Warning: Tricky Accounting is Threatening Our Benefits

The UC system has embarked in the process of downsizing retiree benefits, and it looks like their manipulative campaign is working. Last week, The Council of UC Faculty Associations made the following statement: "UCRP is badly underfunded in terms of its liability for future benefits that employees began accruing after June 30, 2008. Moreover, the unfunded future liabilities are increasing very rapidly. In 2009, UCOP and TFIR estimated that if contributions were not immediately restarted, the percentage of funded liabilities would fall to 61% and the dollar amount of the unfunded liability would increase to $18 billion by 2013 – 3 years from now!" This focus on unfunded liability for the pension plan is in part a scare tactic to force the older faculty to push for higher employee contributions and may help the administration gut the plan for new hires.

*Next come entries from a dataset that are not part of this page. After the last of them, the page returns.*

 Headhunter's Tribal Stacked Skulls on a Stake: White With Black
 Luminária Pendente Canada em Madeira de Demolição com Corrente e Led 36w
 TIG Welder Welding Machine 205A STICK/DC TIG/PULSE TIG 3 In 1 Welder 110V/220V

Like the Commission on the Future of the University, the faculty association is buying all of the administration’s questionable accounting moves. First of all, as I discussed in relation to the Executive Summary of the Commission’s initial recommendations, due to an accounting change from 2006, the UC has been forced to declare as a liability on its books all of the future costs for pension and retiree healthcare. This means that while the UC is still funding the healthcare for retirees on a “pay as you go” basis, they are declaring a multi-billion dollar liability. Thus last year, as they spent $279 million on healthcare for retirees, they declared a $1.5 billion liability, which helped them to claim a budget deficit as they moved funds from unrestricted to restricted accounts. Once again, it is important to stress, the UC did not actually spend $1.5 billion, it only moved the money on its books. The UC currently has over $6 billion of retiree healthcare liability on its book, which means that the university looks a lot poorer than it actually is.

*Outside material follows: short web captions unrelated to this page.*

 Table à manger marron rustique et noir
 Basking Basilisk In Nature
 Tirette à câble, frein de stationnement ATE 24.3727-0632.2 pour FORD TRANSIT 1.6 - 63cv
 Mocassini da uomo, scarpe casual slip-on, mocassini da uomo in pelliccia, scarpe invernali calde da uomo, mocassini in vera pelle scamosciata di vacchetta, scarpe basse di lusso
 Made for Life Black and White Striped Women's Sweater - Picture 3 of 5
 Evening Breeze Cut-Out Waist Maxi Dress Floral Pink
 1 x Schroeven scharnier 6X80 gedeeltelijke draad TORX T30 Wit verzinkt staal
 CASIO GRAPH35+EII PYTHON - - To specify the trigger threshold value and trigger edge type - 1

The council’s claim that the UC faces an $18 billion liability echoes the Commission’s claim that an $18 billion liability will threaten the basic mission of the university: “The funding gap is exacerbated by a significant unfunded post-retirement benefit liability, which is currently $1.9 billion and expected to reach $18 billion by 2013. Similarly, the University’s unfunded post-retirement healthcare liability is projected to grow from $13 billion today to $18 billion by 2013 . . . Because the PEB Task Force is scheduled to finalize recommendations by this summer, we do not address PEB issues in this report, but recognize that more than any financial challenge facing the University, the cost of providing these benefits has the potential to overwhelm our ability to continue our tripartite mission of teaching, research, and public service.” In other words, the crisis in the university is being driven by the university’s commitment to pension and retiree healthcare.

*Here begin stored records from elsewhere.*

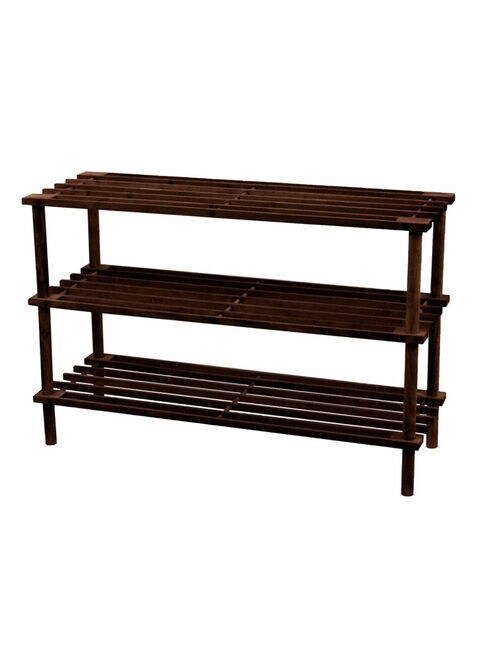 Homebox 3-Tier Wooden Shoe Rack Brown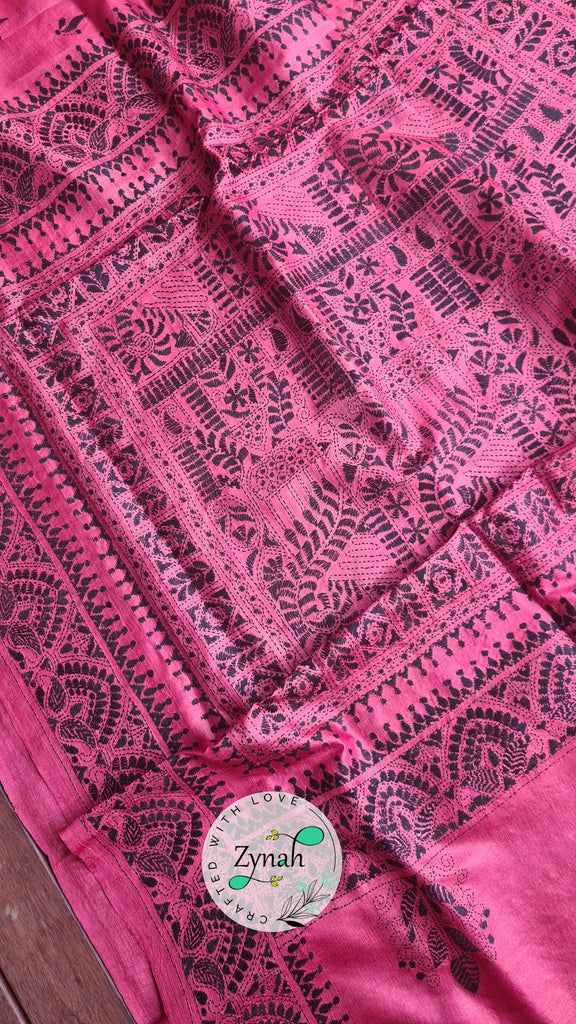 Zynah Pure Tussar Silk Kantha Saree; Custom Stitched/Ready-made Blouse, Fall, Petticoat; Shipping available USA, Worldwide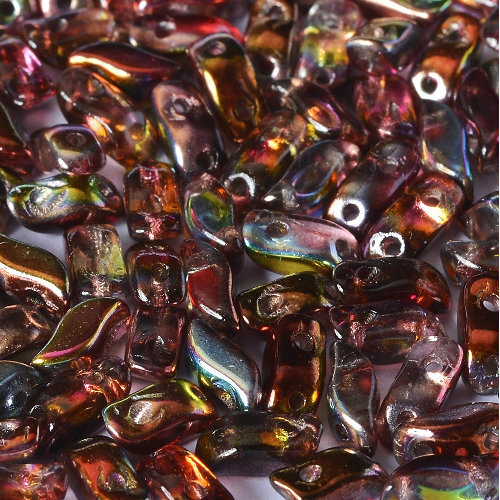 3mm x 7mm Storm Duo 2 Hole Bead - Crystal Magic Wine - 00030-95200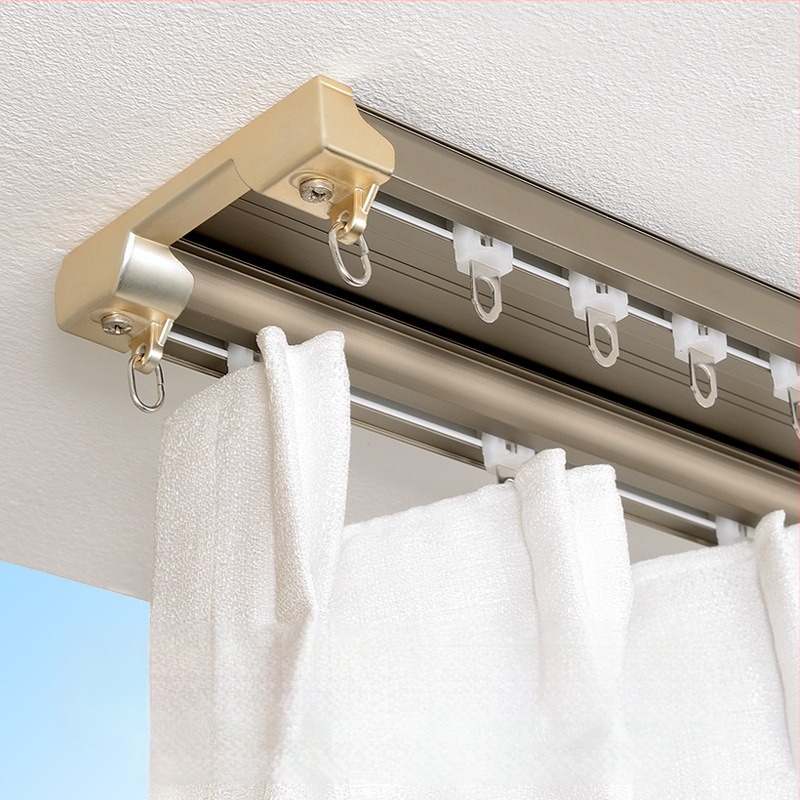 Aliuminio lydinio užuolaidų bėgiklis su dvigubu taku, sujungtas dizainas, pritaikomas, šviesus prabangos stilius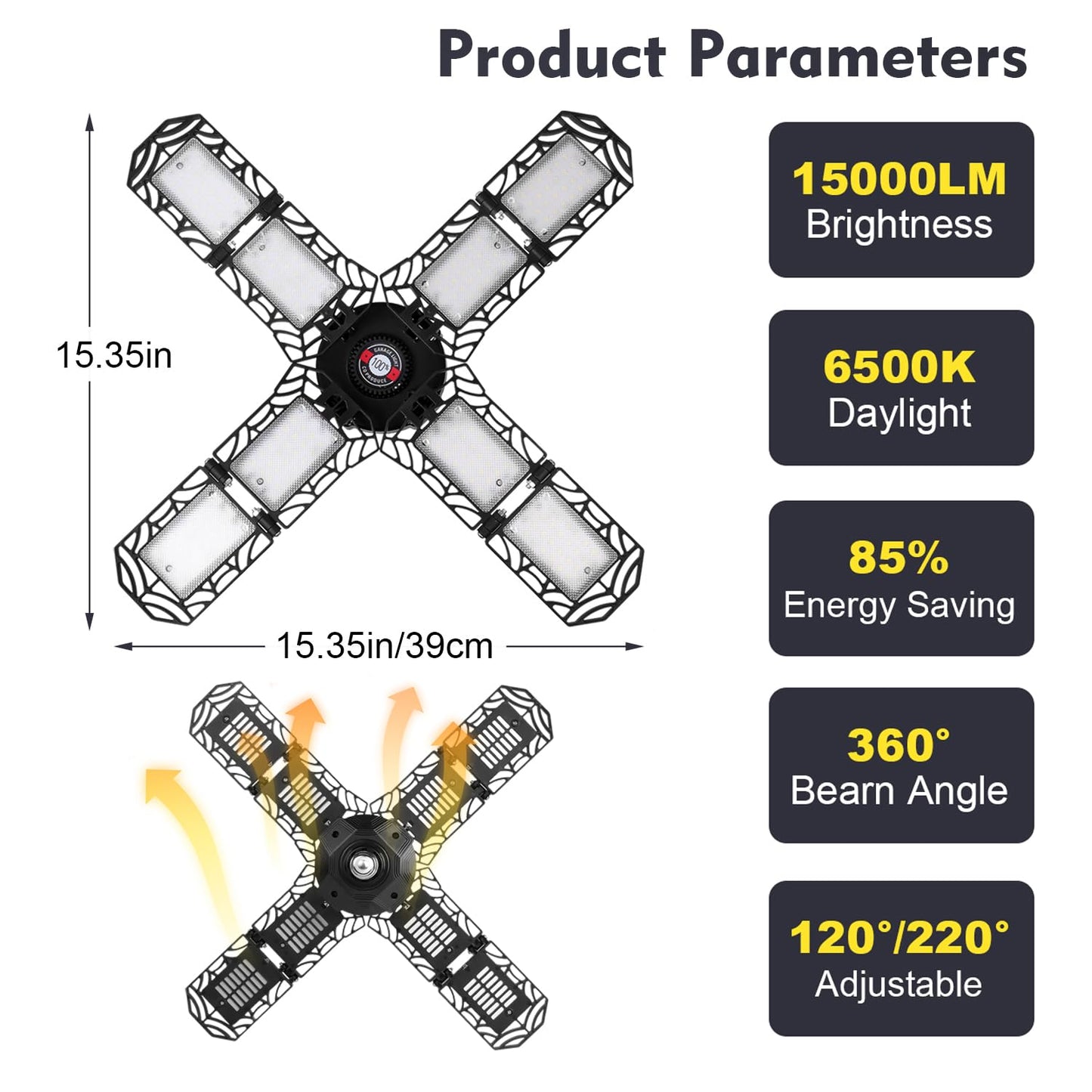 2 Pack LED Garage Light,Super Bright Screw in E26/E27 Ceiling Shop Work Lamp, 200W 20000 Lumen Deformable Basement Bulb Fixture with 8 Adjustable Panels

Moreover, the Council has also accepted the administration’s argument that the underfunding of the pension plan has nothing to do with the bad management of the UC’s investments: “Although the 2007-09 stock market crash was responsible for some of this unfunded liability, most of it results from the fact that no employee or employer contributions have been made for nearly 20 years. While the recent rise in the financial markets has eased the problem, the gap is still enormous.” The truth is that the UC’s pension investment record went from being one of the best to being one of the worst after the management of the funds was outsourced in 2000. Moreover, in the middle of the global financial meltdown, UC increased its holdings in real estate and mortgage-backed securities, and these moves may have been motivated by several regents who have strong investments in real estate and securities. It is irresponsible for the council to not call for direct employee oversight over the UC’s pension investments.

Since our university is full of famous economists and accountants, it should be possible for someone to challenge the university’s accounting mechanisms. If we do not question their assumptions, we will all see our benefits and compensation go down, as the core mission is threatened. While it is necessary to protect our pension plan and healthcare for retirees, we need to know the truth about the UC’s finances.